On s'aperçoit qu'il y a des trous un
peu partout, dans le parquet. Alors on décide d'utiliser l'appartement du
dessous, du deuxième étage, pour passer des perches dotées de caméras. On voit alors qu'un corps est passé du troisième au
deuxième étage. Le cadavre est abîmé car il a sans doute pris des grenades et
il a reçu une poutre lorsqu'il est tombé. Il n'est pas identifiable.
On décide de repartir au troisième
étage. D'autres personnes sont sur le pallier, deux hommes se cachaient sous du
linge et avec ce qu'ils avaient trouvé. On les arrête. On continue notre
progression mais on ne voit plus rien.
[6] Des policiers ont été blessés durant l'assaut?
Cinq de nos hommes sont blessés,
certains par balles, d'autres ont pris des morceaux d'explosifs. Ils ont été
touchés aux bras, aux jambes, aux mains, dans le bas du dos, mais leur
pronostic vital n'est pas engagé.
[7]
Vous êtes-vous coordonnés avec la BRI?
Oui, à la fin de l'opération, il fallait que l'on vérifie
d'autres bâtiments, d'autres appartements qu'on nous avait désignés. La BRI est donc venue en renfort et c'est elle qui a
fait cette mission.
Nous étions 110 policiers
d'intervention sur le terrain, dont 70 du Raid.

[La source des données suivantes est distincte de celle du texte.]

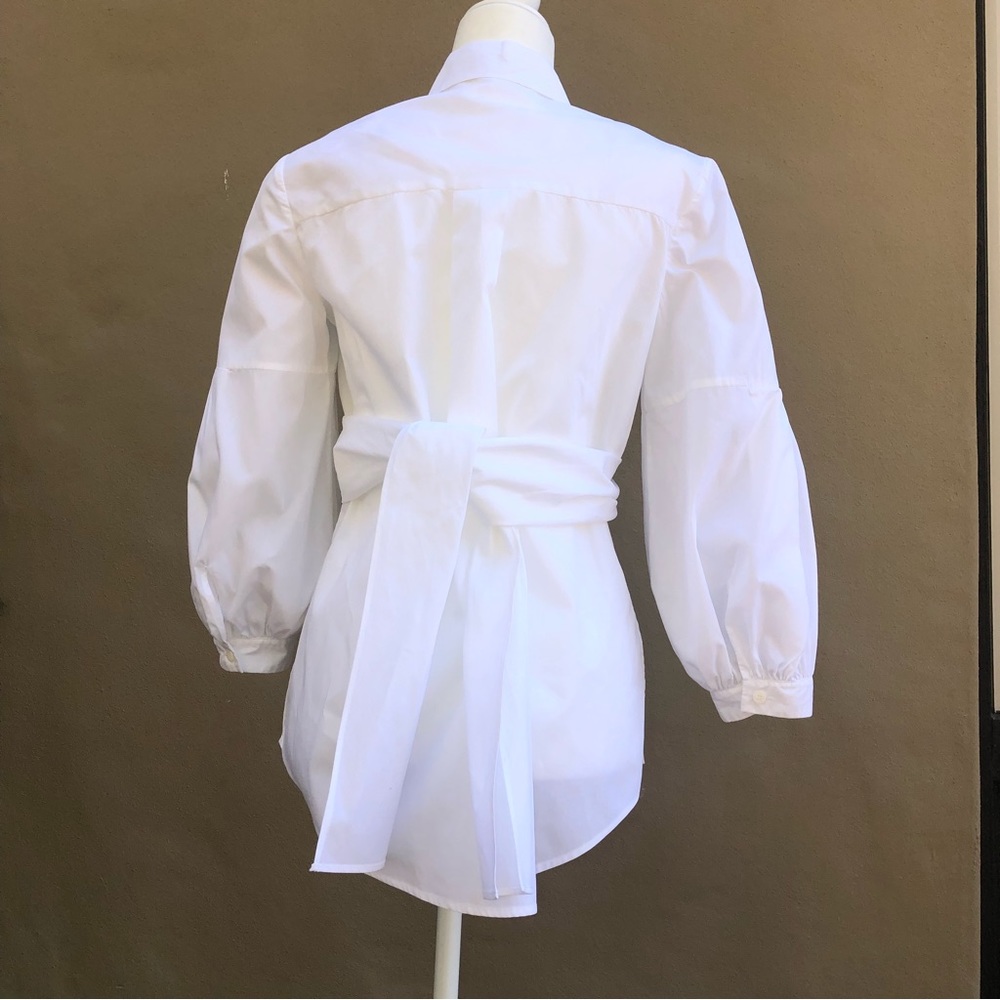 🔥STUNNING DVF white blouse size 8 price firm! - Picture 5 of 12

[8] Avez-vous des techniques d'intervention
particulières?
L'engagement du Raid et de la BRI est
un engagement total mais nos hommes ne sont pas suicidaires et on a mis au
point des techniques d'intervention particulières. Mais ça
pose problème de travailler sur des gens qui portent des gilets explosifs.
[9]
Ça pose quels problèmes?
On est obligé de rester à distance car effectivement il ne
faut pas que l'on se fasse péter.
[10]
Est-ce que cette nouvelle forme de terrorisme va modifier vos techniques
d'intervention?
On les a déjà modifiées. On s'est
servi de l'expérience de nos amis étrangers et notamment des techniques
utilisées en Israël mais aussi dans d'autres pays. Ce sont des techniques pour
essayer d'avoir le moins de dégâts possibles avec un kamikaze.
[11] C'est éprouvant pour les nerfs des hommes…
Oui, des hommes mais aussi des chefs. Vous êtes en train de
commander une colonne et vous allez demander à vos gars d'aller au contact sur
des individus qui sont prêts à se donner la mort.
Si cette série continue, le comportement de mes hommes
restera le même. Si on arrive à conserver du temps de repos, ça se passera
bien. Là, on est en train de gérer la fatigue et le repos.